| DESCRIPTION OF THE TASK |
Only one span is wanted from the lines below: from the one with "Create meme: wolf, wolves" up to and including the one with "Definición de los". Copy it exactly, without images.

| DATA FOR REVIEW |
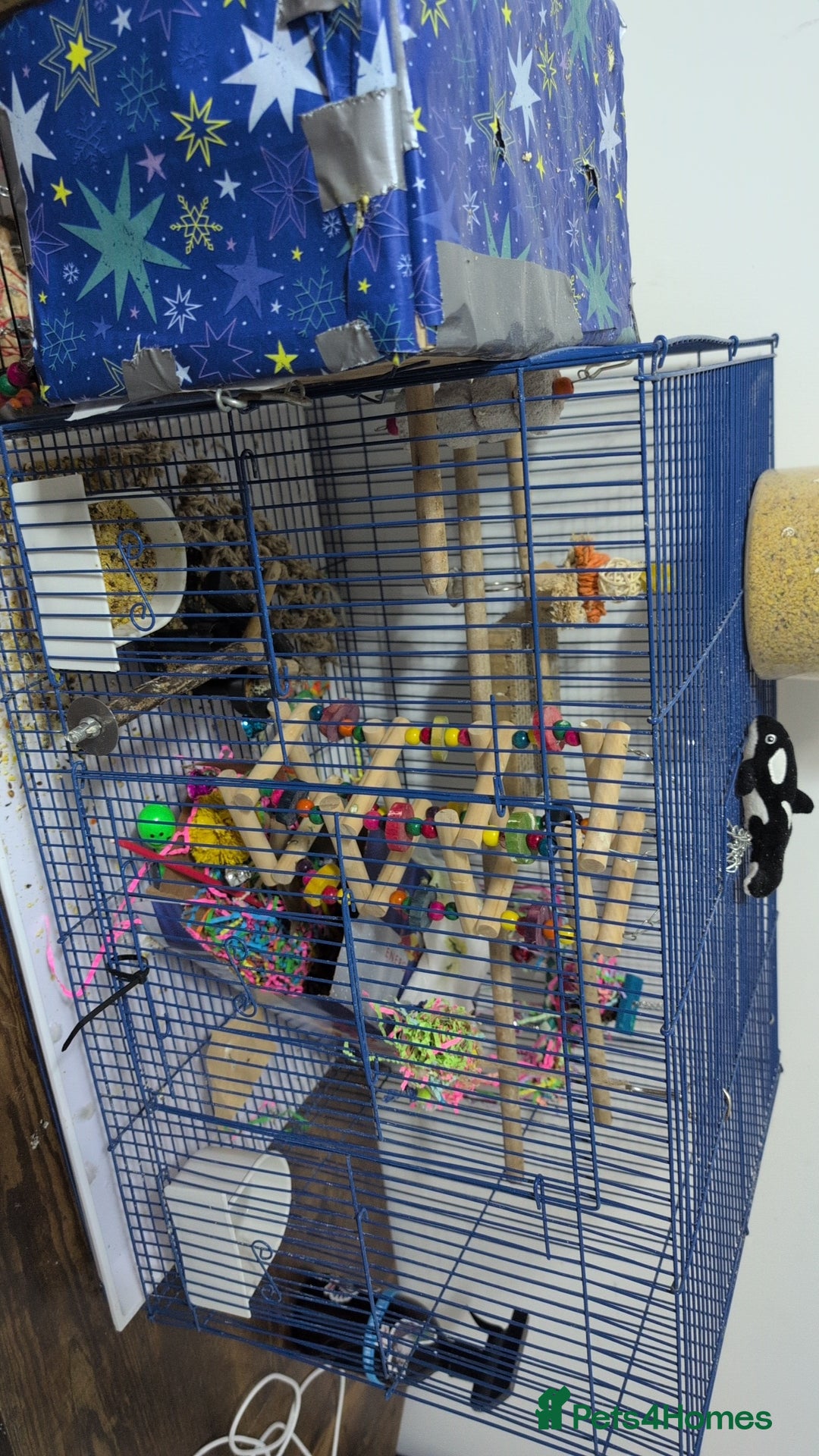 Lovebirds birds for sale: Lovebird (plus cage) - Image 7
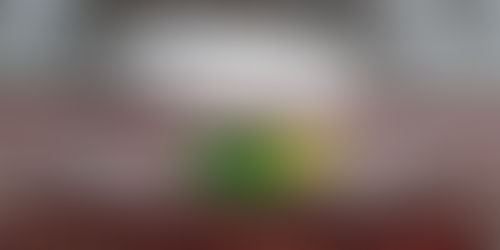 Conoce las sedes del Mundial de Rusia
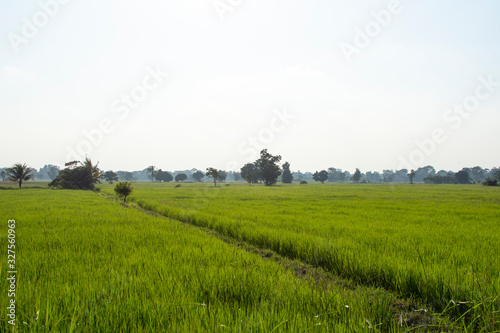 rural landscape with green field and blue sky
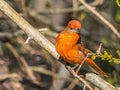 Adult Male Hepatic Tanager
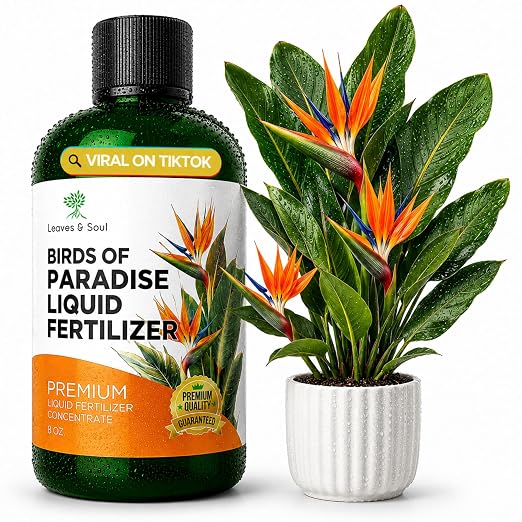 Bird of Paradise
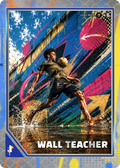 R10-SK012 - Basic Cards Skilled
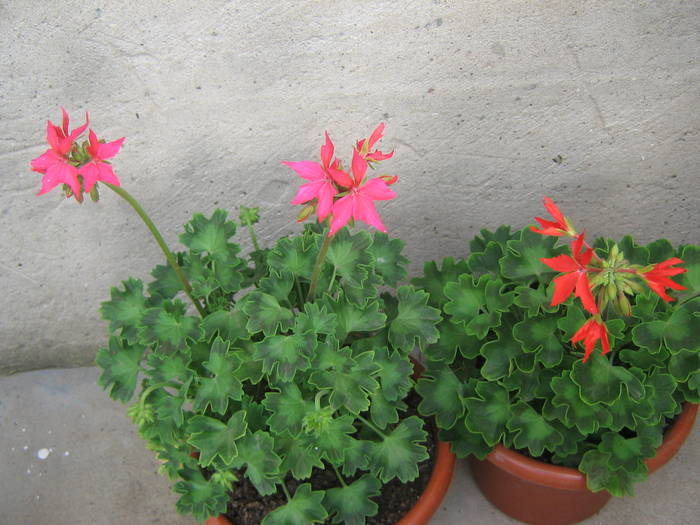 18 mai 068 - muscate 2009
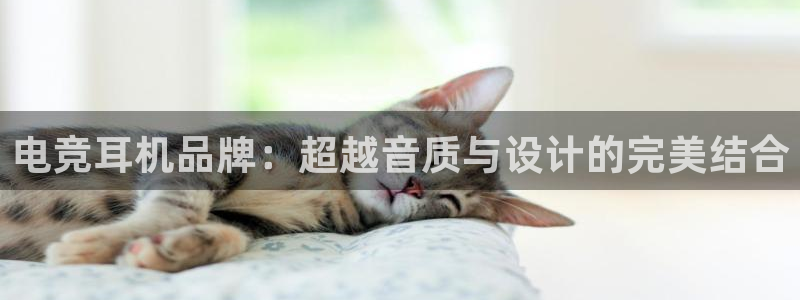 JJB电竞官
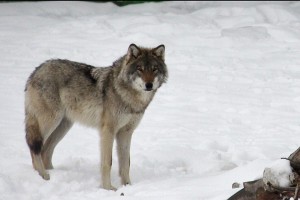 Create meme: wolf, wolves in Zabaykalsky Krai, big wolf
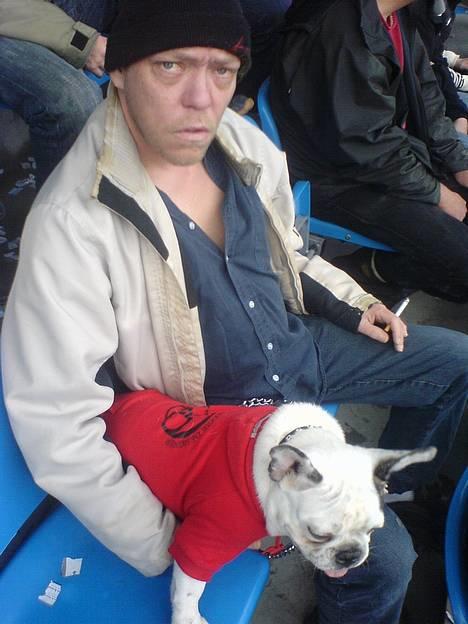 Fransk bulldog Frykas Baflo (FIGHTER) - Her sidder jeg på stadion sammen med min aller yndlings BEDSTEFAR!!!!!!! Kampen er ret spændende.... billede 5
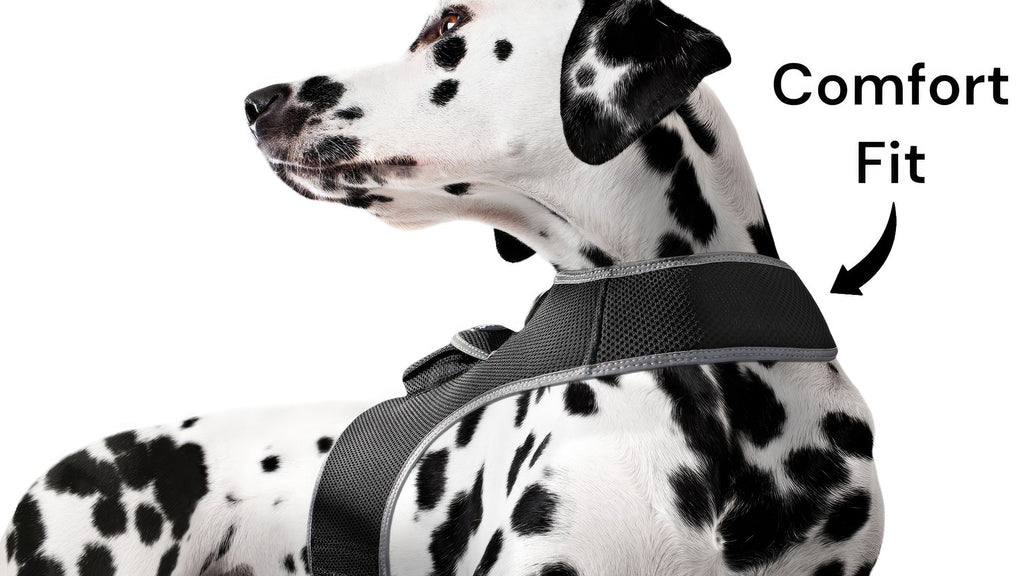 Affordablei GSM GPRS Realtime Pet Tracker Portable GPS Tracking Device Size:L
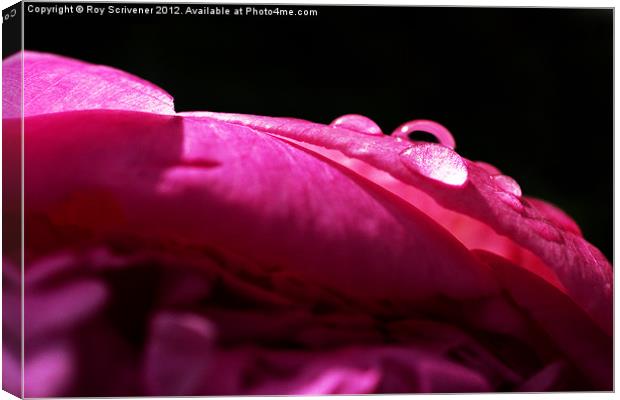 Raindrops on Peony Canvas Print by Roy Scrivener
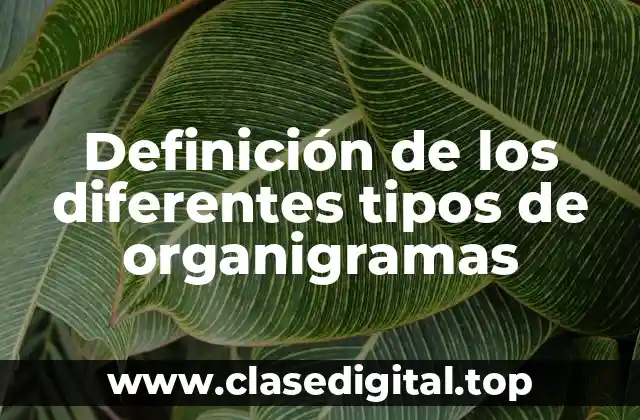 Definición de los diferentes tipos de organigramas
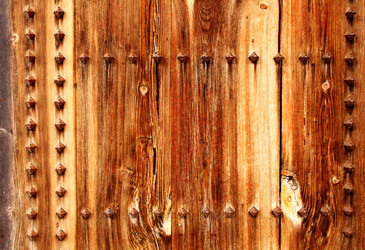 Similar image 2932654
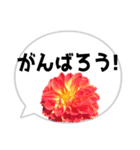 *花* ダリア＆吹き出し（個別スタンプ：24）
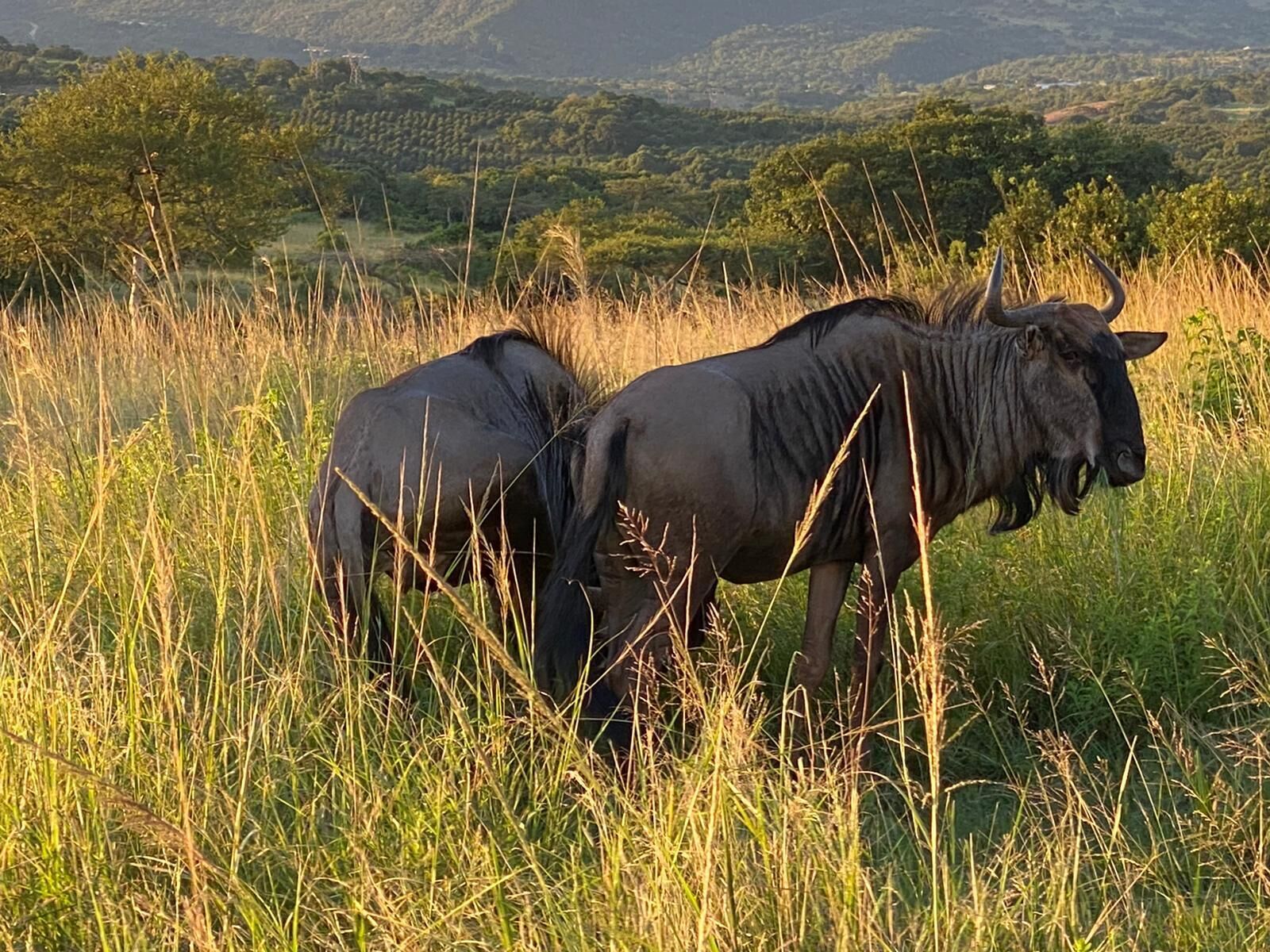 Ndhula Luxury Tented Lodge 4*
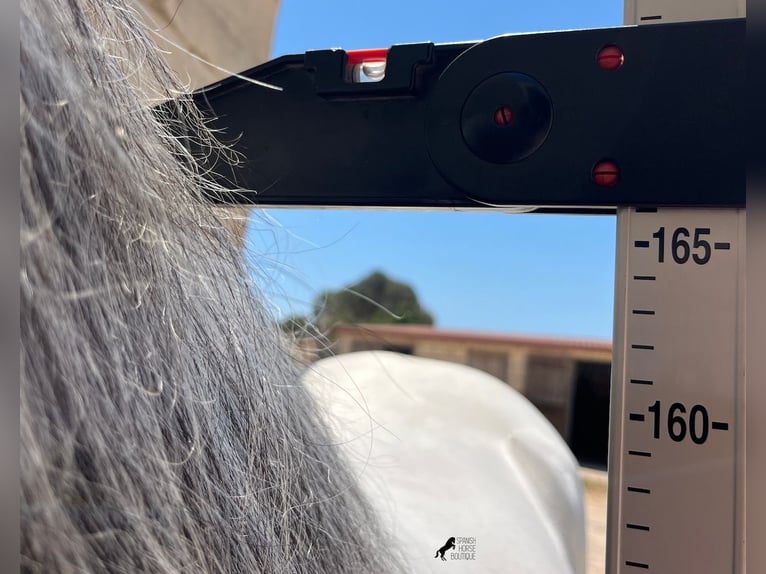 Andalusian Stallion 6 years 16,1 hh Gray in Menorca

| TASK RESULT |
 Create meme: wolf, wolves in Zabaykalsky Krai, big wolf
 Fransk bulldog Frykas Baflo (FIGHTER) - Her sidder jeg på stadion sammen med min aller yndlings BEDSTEFAR!!!!!!! Kampen er ret spændende.... billede 5
 Affordablei GSM GPRS Realtime Pet Tracker Portable GPS Tracking Device Size:L
 Raindrops on Peony Canvas Print by Roy Scrivener
 Definición de los diferentes tipos de organigramas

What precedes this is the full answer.